*** Data Section Begins ***

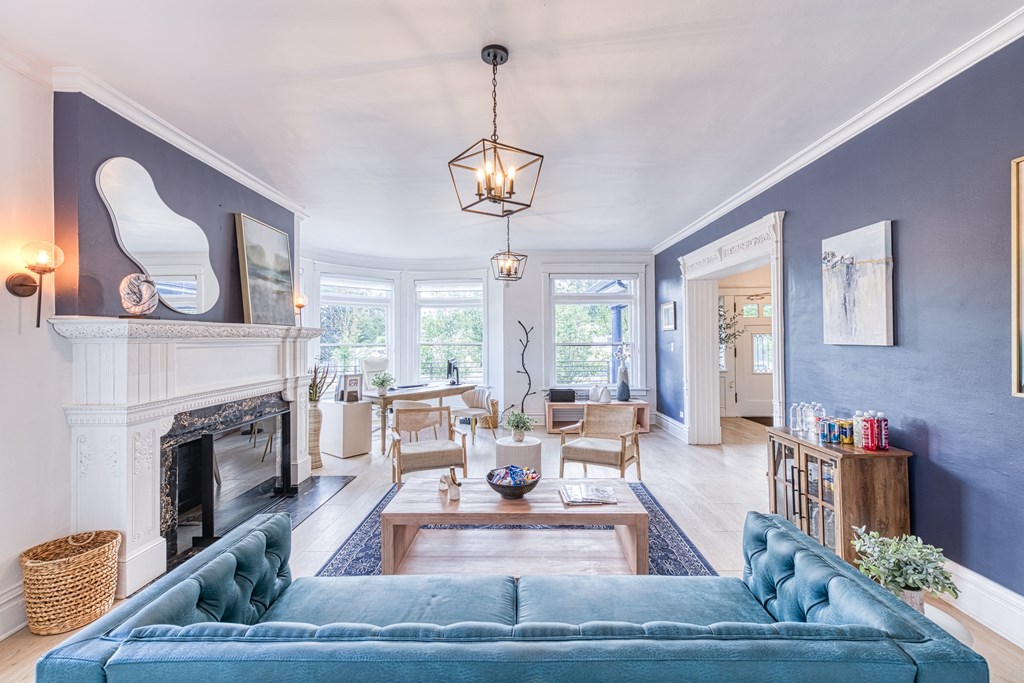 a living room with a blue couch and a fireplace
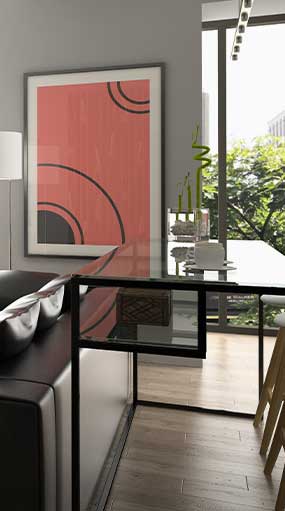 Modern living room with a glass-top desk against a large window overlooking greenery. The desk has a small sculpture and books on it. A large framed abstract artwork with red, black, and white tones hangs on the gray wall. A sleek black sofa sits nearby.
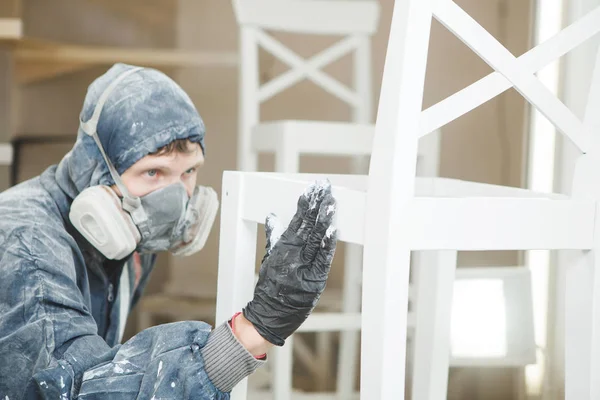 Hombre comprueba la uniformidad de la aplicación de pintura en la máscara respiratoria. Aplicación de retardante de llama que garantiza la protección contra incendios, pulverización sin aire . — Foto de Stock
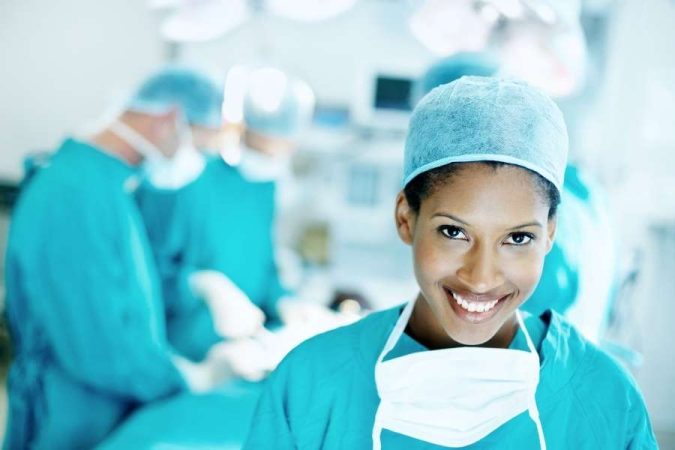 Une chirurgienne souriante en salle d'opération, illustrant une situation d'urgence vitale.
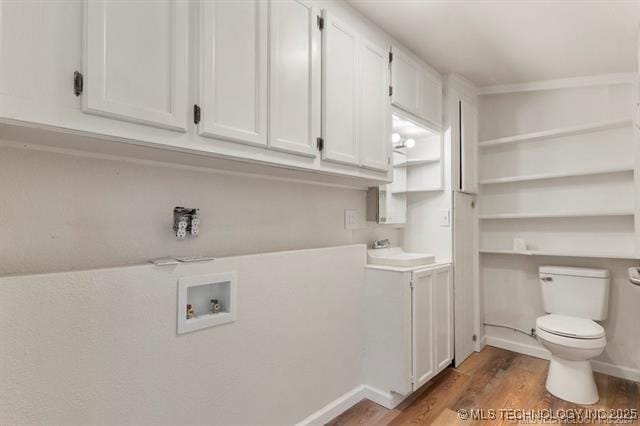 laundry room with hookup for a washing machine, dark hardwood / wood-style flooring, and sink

*** Data Section Ends ***

◆ Your objective
Leave out any pictures and return exactly the lines from the beginning of the data through the line with "Modern living room", inclusive.

◆ Expected answer
 a living room with a blue couch and a fireplace
 Modern living room with a glass-top desk against a large window overlooking greenery. The desk has a small sculpture and books on it. A large framed abstract artwork with red, black, and white tones hangs on the gray wall. A sleek black sofa sits nearby.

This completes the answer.